Otherwise, in the second half, he was superb and centre of everything - good, bad and ugly.

If there was to be a Villa equaliser, then Grealish would surely have been the man to conjure it. He almost did so in sensational circumstances, dancing past a series of defenders. Yet Bettinelli proved equal to the finish and the goal, just like the Premier League, would remain frustratingly out of reach.

Quite what Saturday’s result means for Bruce remains uncertain. The 57-year-old has had his share of promotion joy in the past but this still felt a cruel end to a season in which he has also battled personal turmoil away from the game.

Despite all Villa’s improvement over the past 20 months, there is no point ignoring Bruce still has his critics among the fanbase. They were given further ammunition by the insipid first-half performance which ultimately proved fatal to the team’s hopes.

Bruce, however, is determined to stay on and should be allowed to do so. For one, he has his eyes wide open to the difficulties ahead and his extensive contacts book and experience will again be an asset on a now wafer-thin budget.

Neither does it make much sense for Villa to further add to the upheaval they are already facing. In what is likely to be a summer of drastic change, a little continuity is still required.

That does not mean supporters are not entitled to feel frustrated, or even angry, at what was on the whole a hugely disappointing performance on the big stage.

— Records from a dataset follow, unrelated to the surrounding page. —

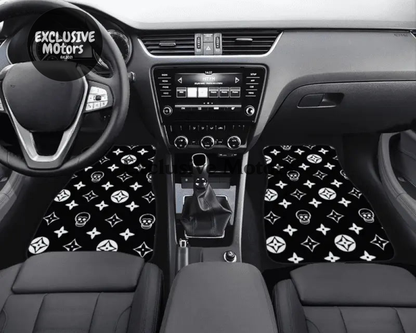 Custom Skull Shuriken Black Floor Mats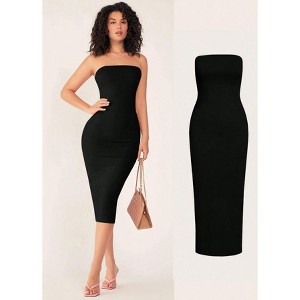 Mocaler Women'S Strapless Slim Fit Bodycon Casual Dinner Dress,Summer Dresses For Women - 1 of 4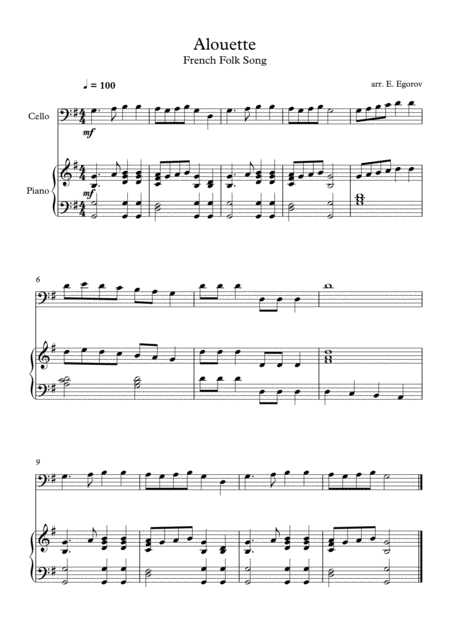 Alouette French Folk Song For Cello Piano Sheet Music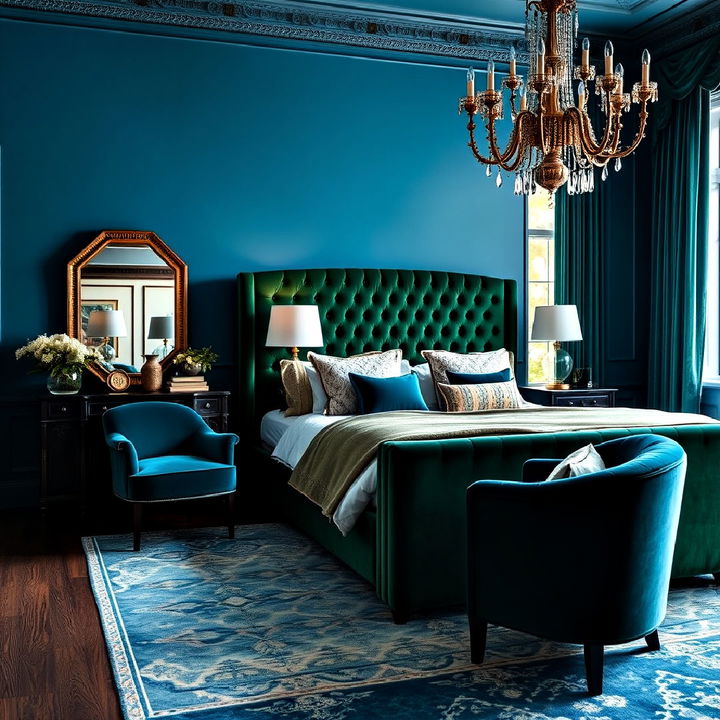 blue and green bedroom velvet upholstery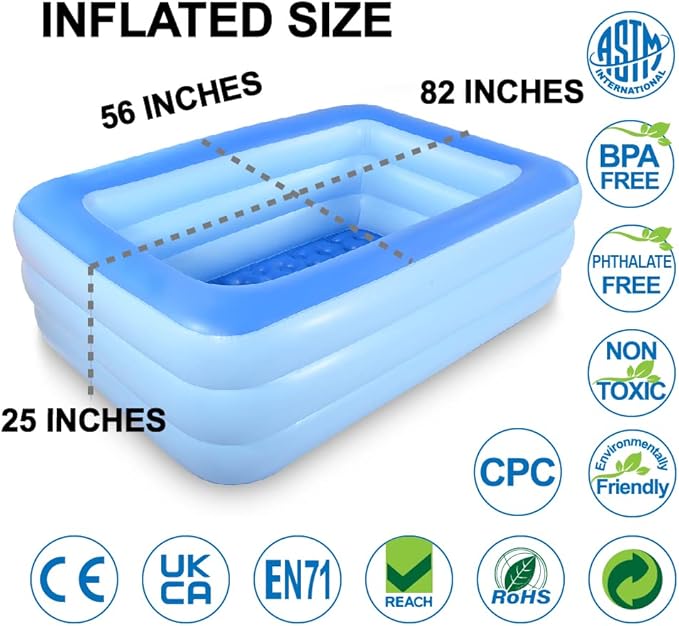 Inflatable Family Swim Play Center Pool, 82" x 56" x 25" Giant Blow Up Pool Summer Water Fun with Inflatable Soft Floor for Family, Garden, Outdoor, Backyard (Blue)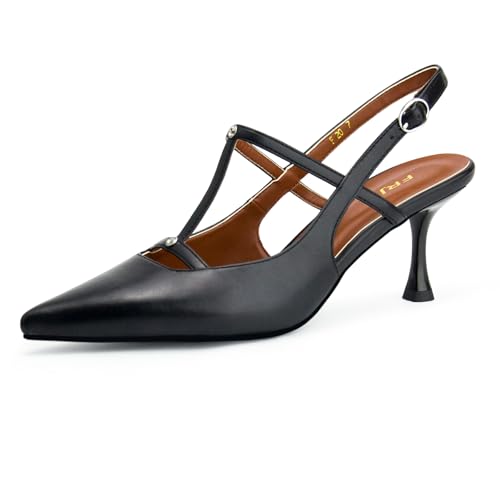 Image of Kitten Heels for Women Closed Pointed Toe Heels Patent Leather Low Heel Slingback Dress Shoes Feature Adjustable Buckle for Date Party Work Office Comfortable Sexy Pumps Shoes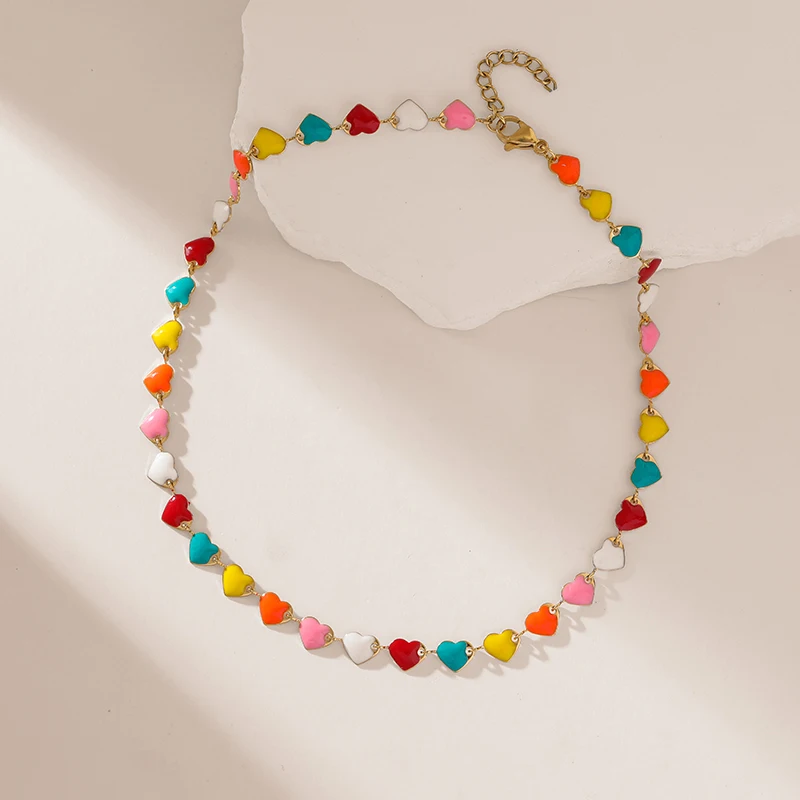 EILIECK 316L Edelstahl Buntes Gänseblümchen-Blumen Halsketten- und Armband-Set für Frauen Trendige Halskette Wasserdichter Schmuck Geschenk – Detail 16
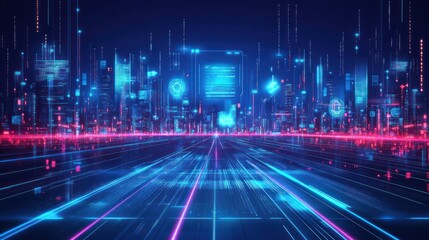 Futuristic city, digital data stream, technology, urban landscape, background, movement, glowing lights, abstract image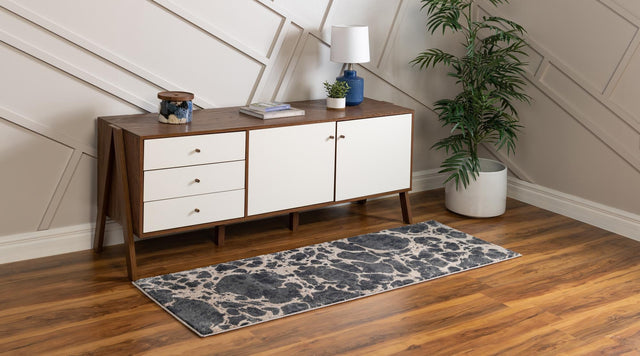Gray 2' x 12' Oasis Runner Area Rug 65% Polypropylene & 35% Polyester Contemporary Carpet for Living Rooms, Bedroom, Kitchen, Dining, Office for Sale at Rug Engine
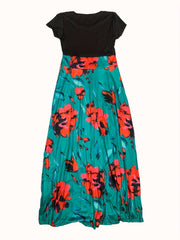 Casual Floral Print Dress Crew Neck Short Sleeve Dress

Villa’s experience - coupled with Fulham’s inexperience - was supposed to provide Bruce’s men with a telling advantage.

Yet in the first-half it was they who were the nervy novices, while Fulham settled quickly and began to control proceedings with ease.

All it needed was one moment of sublime control from Ryan Sessegnon, another to pick a pass through to Cairney, who kept his cool to slide a finish past Johnstone.

It was a goal of beautiful simplicity, which for Fulham brought huge reward. For Villa, nothing will be easy from now on.